Dans le paysage de la philosophie politique contemporaine, la réédition (L’Harmattan, « Quelle drôle d’époque ! », 2025) du Corps de l’ennemi d’Alain Brossat, près de trois décennies après sa parution originale (éditions La Fabrique, 1998), est encore aujourd’hui un événement. Car ce n’est pas seulement la résurrection d’un texte que son auteur qualifie lui-même de « grand brûlé », mais la réouverture d’une plaie béante dans notre compréhension de la violence démocratique. L’ouvrage, augmenté d’une préface lucide et désenchantée, se propose d’explorer la tension irréductible entre le processus de civilisation — entendu comme pacification des mœurs politiques — et la persistance spectrale de la « zoopolitique », cette propension à traiter l’adversaire non comme un pair, mais comme une bête à abattre.
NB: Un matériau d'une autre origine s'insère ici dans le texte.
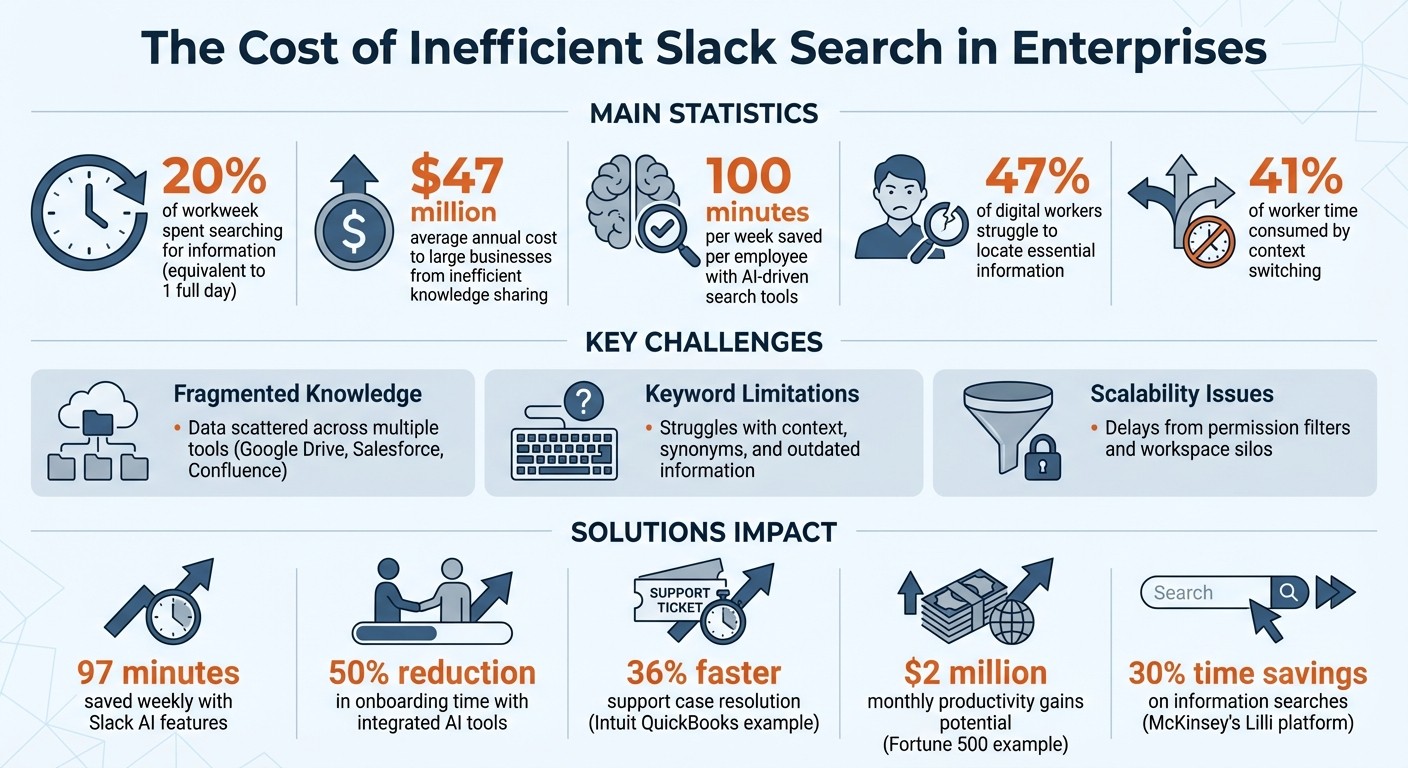 The Cost of Inefficient Slack Search in Enterprises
L’essai s’articule autour d’une hypothèse forte, d’inspiration éliasienne : l’avènement de la démocratie moderne serait consubstantiel à un mouvement de « désanimalisation » de la politique. Brossat interroge ce passage d’une violence immédiate, vitale et exterminatrice, à une conflictualité médiatisée par le langage et le droit.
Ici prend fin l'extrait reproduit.